At one point she met Bub Quigley and took him up. He was very pleased.
‘Well, I am alone now, Bub,’ Amy Parker said.
‘Ah,’ he said, looking at her in some surprise, as if he had not expected anything else.
But he could not see her face; she was keeping it away from him and was looking out over the country, or into herself.
‘Fritz has gone,’ her hunched shoulders said.
‘Who will chop the wood?’ asked Bub.
‘Oh, we shall all have a chop,’ she said.
‘I don’t like chopping wood,’ said Bub. ‘I’d rather my sister did. Then I am free.’
This ageless man was singularly free, Amy Parker realized. That was his one blessing from God. For a moment the woman thought that she would pray, but she had lost her faith, or else had put her trust in the strength and goodness of her husband.
‘Look,’ said Bub, pointing vaguely everywhere. ‘It is green again now. It has never been so green as after them fires. There are ferns in the gullies,’ he said. ‘Sometimes I lay down in them and sleep a bit, and my sister goes crook because I don’t come, but I come in time, of course. You can’t stay there always, you get hungry.’
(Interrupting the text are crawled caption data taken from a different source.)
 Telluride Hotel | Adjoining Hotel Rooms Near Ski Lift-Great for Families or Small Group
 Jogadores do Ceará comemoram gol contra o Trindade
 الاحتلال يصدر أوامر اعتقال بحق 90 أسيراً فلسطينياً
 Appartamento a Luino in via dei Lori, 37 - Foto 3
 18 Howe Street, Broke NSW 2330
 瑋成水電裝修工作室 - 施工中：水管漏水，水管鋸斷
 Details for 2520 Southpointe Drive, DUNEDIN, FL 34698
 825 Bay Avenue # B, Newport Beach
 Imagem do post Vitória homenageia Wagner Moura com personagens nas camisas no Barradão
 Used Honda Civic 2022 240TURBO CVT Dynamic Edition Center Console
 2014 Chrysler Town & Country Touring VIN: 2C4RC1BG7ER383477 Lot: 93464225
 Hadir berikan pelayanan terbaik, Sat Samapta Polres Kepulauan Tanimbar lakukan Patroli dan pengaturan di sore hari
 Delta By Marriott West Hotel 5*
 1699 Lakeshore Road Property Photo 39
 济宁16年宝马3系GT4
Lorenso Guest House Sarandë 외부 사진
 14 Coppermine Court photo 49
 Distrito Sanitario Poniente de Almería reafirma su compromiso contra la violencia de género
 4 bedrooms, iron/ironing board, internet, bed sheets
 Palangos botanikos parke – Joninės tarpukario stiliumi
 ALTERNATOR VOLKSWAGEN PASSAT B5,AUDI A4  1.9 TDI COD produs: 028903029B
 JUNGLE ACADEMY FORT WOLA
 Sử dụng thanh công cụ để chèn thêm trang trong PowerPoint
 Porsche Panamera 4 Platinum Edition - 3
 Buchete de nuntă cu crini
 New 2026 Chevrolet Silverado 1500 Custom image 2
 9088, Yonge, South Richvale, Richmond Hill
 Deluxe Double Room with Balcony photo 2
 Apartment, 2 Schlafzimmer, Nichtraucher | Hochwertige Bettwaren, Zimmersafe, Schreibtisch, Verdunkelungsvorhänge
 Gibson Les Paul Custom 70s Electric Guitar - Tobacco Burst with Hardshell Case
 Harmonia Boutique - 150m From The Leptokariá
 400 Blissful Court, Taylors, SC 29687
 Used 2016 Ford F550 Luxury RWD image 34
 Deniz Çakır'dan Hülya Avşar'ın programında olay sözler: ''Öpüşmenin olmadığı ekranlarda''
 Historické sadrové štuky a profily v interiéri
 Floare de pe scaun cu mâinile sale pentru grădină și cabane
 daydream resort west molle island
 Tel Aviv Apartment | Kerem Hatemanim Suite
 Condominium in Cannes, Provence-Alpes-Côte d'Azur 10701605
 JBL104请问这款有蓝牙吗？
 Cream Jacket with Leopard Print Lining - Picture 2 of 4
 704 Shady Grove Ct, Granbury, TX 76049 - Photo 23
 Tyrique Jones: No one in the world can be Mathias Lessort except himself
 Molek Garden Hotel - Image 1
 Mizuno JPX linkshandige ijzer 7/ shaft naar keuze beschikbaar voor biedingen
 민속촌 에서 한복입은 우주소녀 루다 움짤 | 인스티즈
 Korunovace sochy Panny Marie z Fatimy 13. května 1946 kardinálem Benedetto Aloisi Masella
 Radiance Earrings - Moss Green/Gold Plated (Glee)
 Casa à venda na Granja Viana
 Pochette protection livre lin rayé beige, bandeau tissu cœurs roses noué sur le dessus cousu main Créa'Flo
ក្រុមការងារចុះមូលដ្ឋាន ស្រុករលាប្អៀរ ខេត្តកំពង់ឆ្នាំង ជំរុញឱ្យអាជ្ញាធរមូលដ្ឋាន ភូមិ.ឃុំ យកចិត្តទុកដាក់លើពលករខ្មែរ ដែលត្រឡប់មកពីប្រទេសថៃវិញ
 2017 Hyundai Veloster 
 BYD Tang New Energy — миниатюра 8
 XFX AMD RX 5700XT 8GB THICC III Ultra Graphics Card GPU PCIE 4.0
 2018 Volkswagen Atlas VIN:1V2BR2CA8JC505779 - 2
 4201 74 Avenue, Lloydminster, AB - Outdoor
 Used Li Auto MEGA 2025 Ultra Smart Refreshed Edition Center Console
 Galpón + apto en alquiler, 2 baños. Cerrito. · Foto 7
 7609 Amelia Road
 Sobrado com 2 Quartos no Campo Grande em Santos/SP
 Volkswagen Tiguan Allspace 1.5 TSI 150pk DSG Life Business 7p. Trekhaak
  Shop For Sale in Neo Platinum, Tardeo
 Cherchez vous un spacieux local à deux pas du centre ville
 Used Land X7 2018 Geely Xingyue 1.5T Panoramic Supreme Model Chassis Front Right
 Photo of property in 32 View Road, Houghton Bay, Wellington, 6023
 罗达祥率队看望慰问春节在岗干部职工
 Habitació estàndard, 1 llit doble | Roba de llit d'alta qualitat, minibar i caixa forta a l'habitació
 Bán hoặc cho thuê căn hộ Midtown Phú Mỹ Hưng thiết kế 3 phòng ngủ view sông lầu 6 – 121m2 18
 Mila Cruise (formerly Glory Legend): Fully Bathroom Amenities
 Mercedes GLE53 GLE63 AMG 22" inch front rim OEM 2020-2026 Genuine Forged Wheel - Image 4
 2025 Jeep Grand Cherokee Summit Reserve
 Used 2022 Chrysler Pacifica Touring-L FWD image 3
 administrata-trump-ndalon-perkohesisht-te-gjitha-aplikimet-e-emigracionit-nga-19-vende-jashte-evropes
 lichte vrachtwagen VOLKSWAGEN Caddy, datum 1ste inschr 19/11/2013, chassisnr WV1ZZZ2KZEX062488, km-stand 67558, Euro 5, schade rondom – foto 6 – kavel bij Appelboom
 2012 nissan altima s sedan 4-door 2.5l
It was true, she realized, she was herself quite hollow.
‘There’s some young foxes I know,’ said Bub, ‘in a hollow log. I have a nest of mopawks.’
She was wide open, on a gaping emptiness, but he was filling her with hills and valleys, and down of birds, and balm of fern.
After a bit he said, ‘Let me down, please. I’m going down to them foxes. Here’s the place.’
When she had let him down he began to run down the slope, his boards of feet slapping the ground, his wild arms steadying himself on the air.